Using Toulmins’ argument structure, each student’s argument was assigned a Level from 0 to 4: Level 0 (no response or nonsense), Level 1 (claim only), Level 2 (claim and data), Level 3 (claim, data and backing or qualifier), Level 4 (claim and data and backing and qualifier or rebuttal). The types of categories were coded as environmental/science, economic, human health, human rights, ethical, solutions or other. The pre- and post-test scores were entered into SPSS. Because the data were non-parametric, the argumentation levels and the number of types of categories before and after the argumentation intervention were compared using a Wilcoxon signed rank test. The effect size was determined using Cohen’s d. Table 1 provides an example of each argument level and type of category.

Table 1. Exemplars of student arguments and types of categories.

Argument level	Exemplar
Level 1 (claim)	I don’t know. I have never seen/heard of this place so I not entirely sure. (pre 205)
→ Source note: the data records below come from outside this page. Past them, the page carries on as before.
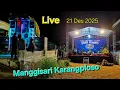 Lagu Live GAYATRI ROJOKOYO Manggisari Karangploso Malang Jawa Timur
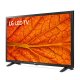 LG 32LM6370PLA 81,3 cm (32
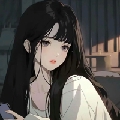清柠Bea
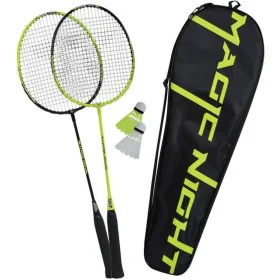 Raqueta de Bádminton Schildkröt de Schildkröt, Raquetas - Ref: S71000446, Precio: 41,13 €, Descuento: %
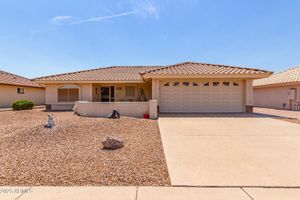 10865 E KEATS AVE, MESA, AZ
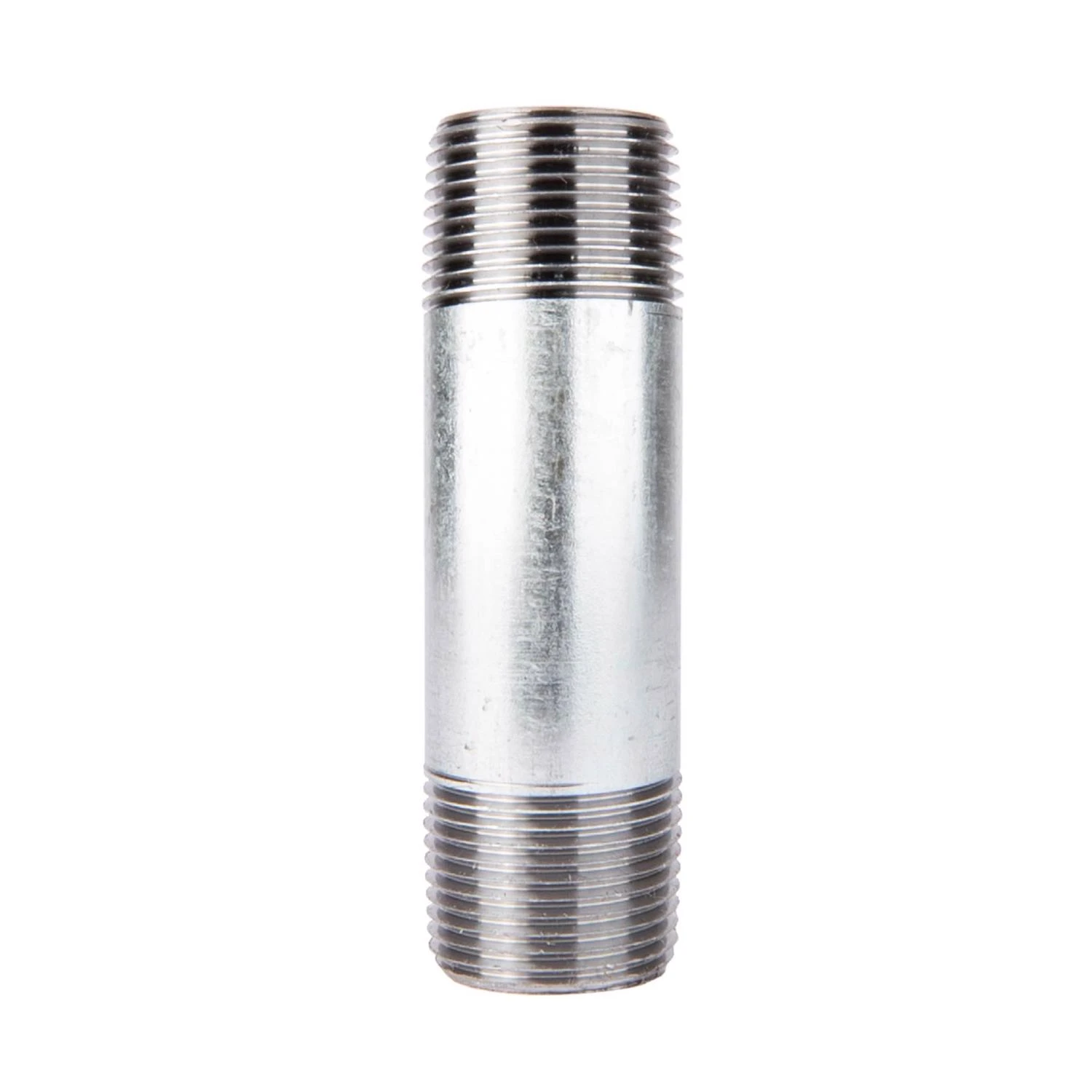 celebrationhardware4624680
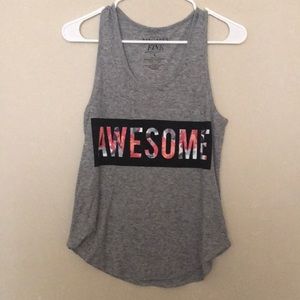 Mighty Fine - Poshmark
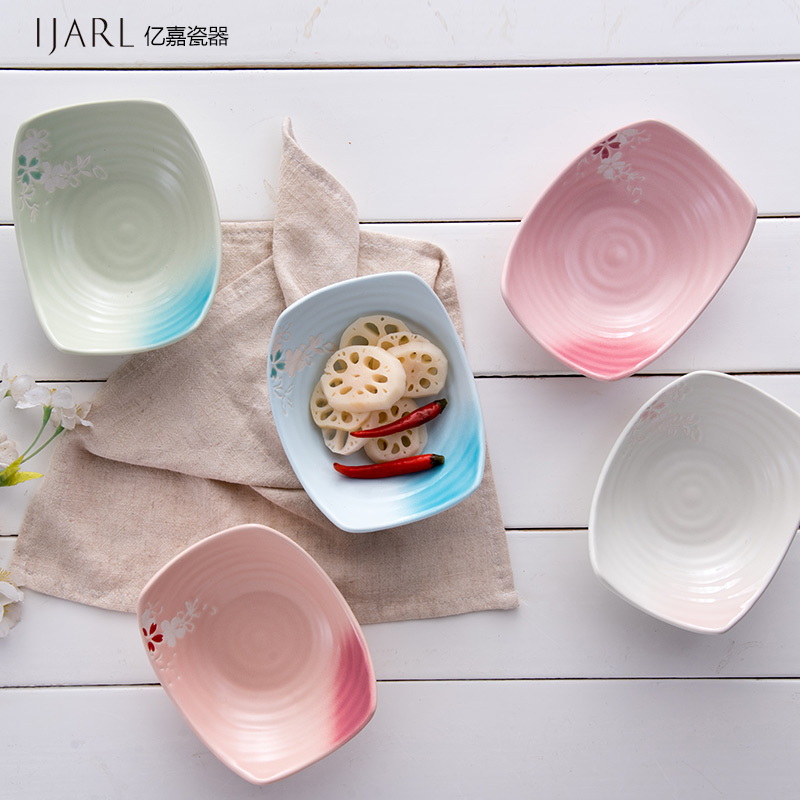 正品[碟子 播放器]全黄的碟子播放评测 播放碟子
Level 2 (claim and data/warrant)	No because there might be animals in the dam and drinking the water from the dam might be bad for people’s health (data). (pre 214)
Level 3 (claim, data, backing OR qualifier)	No we don’t have enough water due to lack of rainfall. We need to drink water to survive (data), so if we waste water we won’t be able to grow our crops as much and our population will slowly decrease (backing). Also you can swim, canoe, kayak and fish in other places. (pre 211)
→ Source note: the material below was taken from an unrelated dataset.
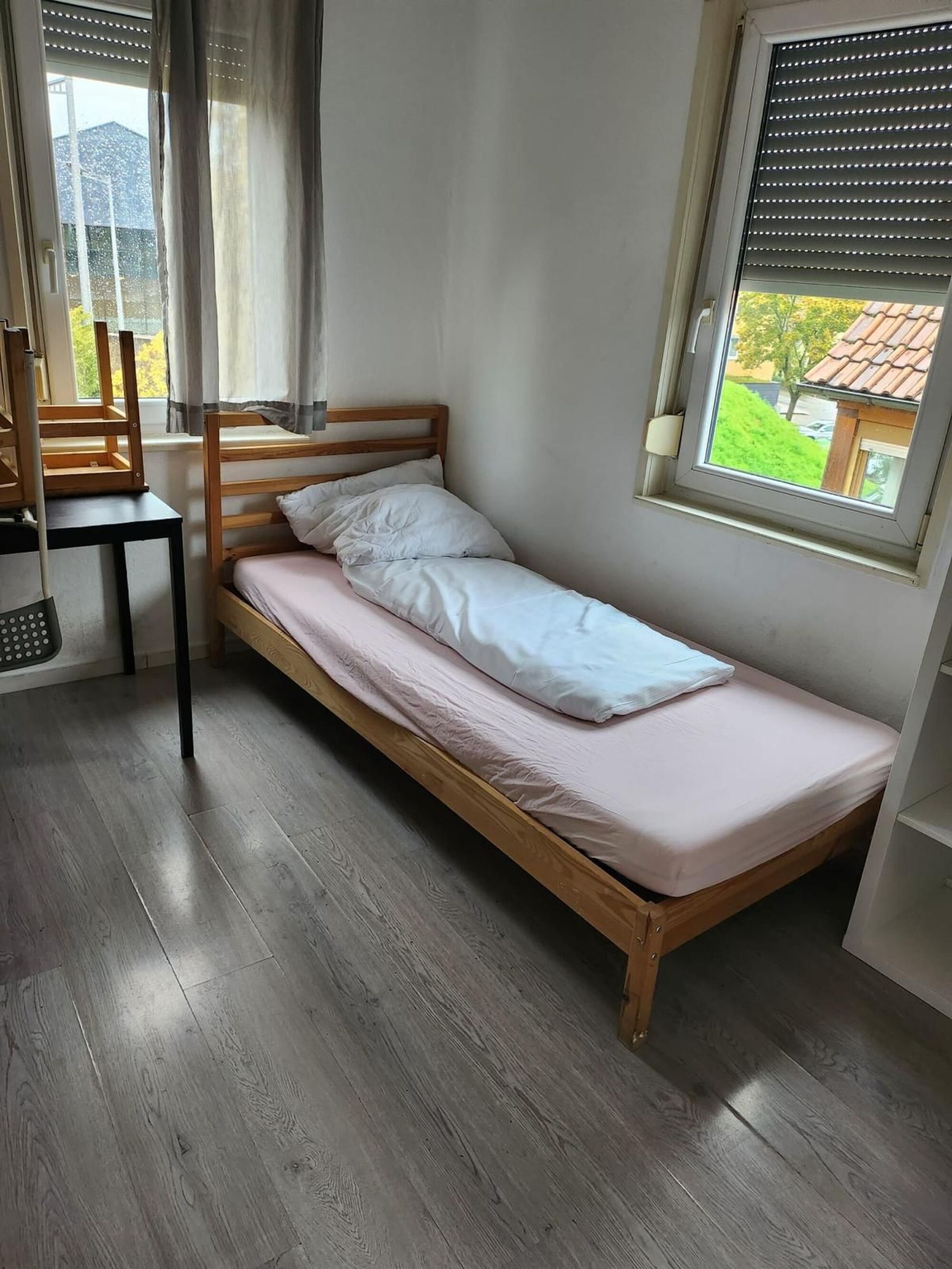 Obrázok 2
Level 4 (claim, data, backing and qualifier OR rebuttal)	I would not vote to swim in the dam. Firstly because if people stop swimming and canoeing in it will be changed so that we can drink from it. There is only 2.5% of fresh water for us humans to drink (data). Secondly it is better to use the dam water instead of the underground water, we need it for in case and we can’t waste it (data) and it is better for the environment and friendly to the ecosystem (backing). Thirdly, it will reduce the cost of water treatment which they use for the dam, which isn’t as essential as drinking water which we need to survive (backing). Lastly, there are way more places to swim and canoe not just the dam. (Rebuttal). (post 213)
Category
Science/Environment	No … Using a dam instead of groundwater is much, much better for the ecosystem and provides a friendly alternative as the rainfall decreases. To save the ‘no recreation’ problem, the government could build a recreational centre specifically for canoeing, etc. that’s eco-friendly and uses recycled, treated water. (post 226)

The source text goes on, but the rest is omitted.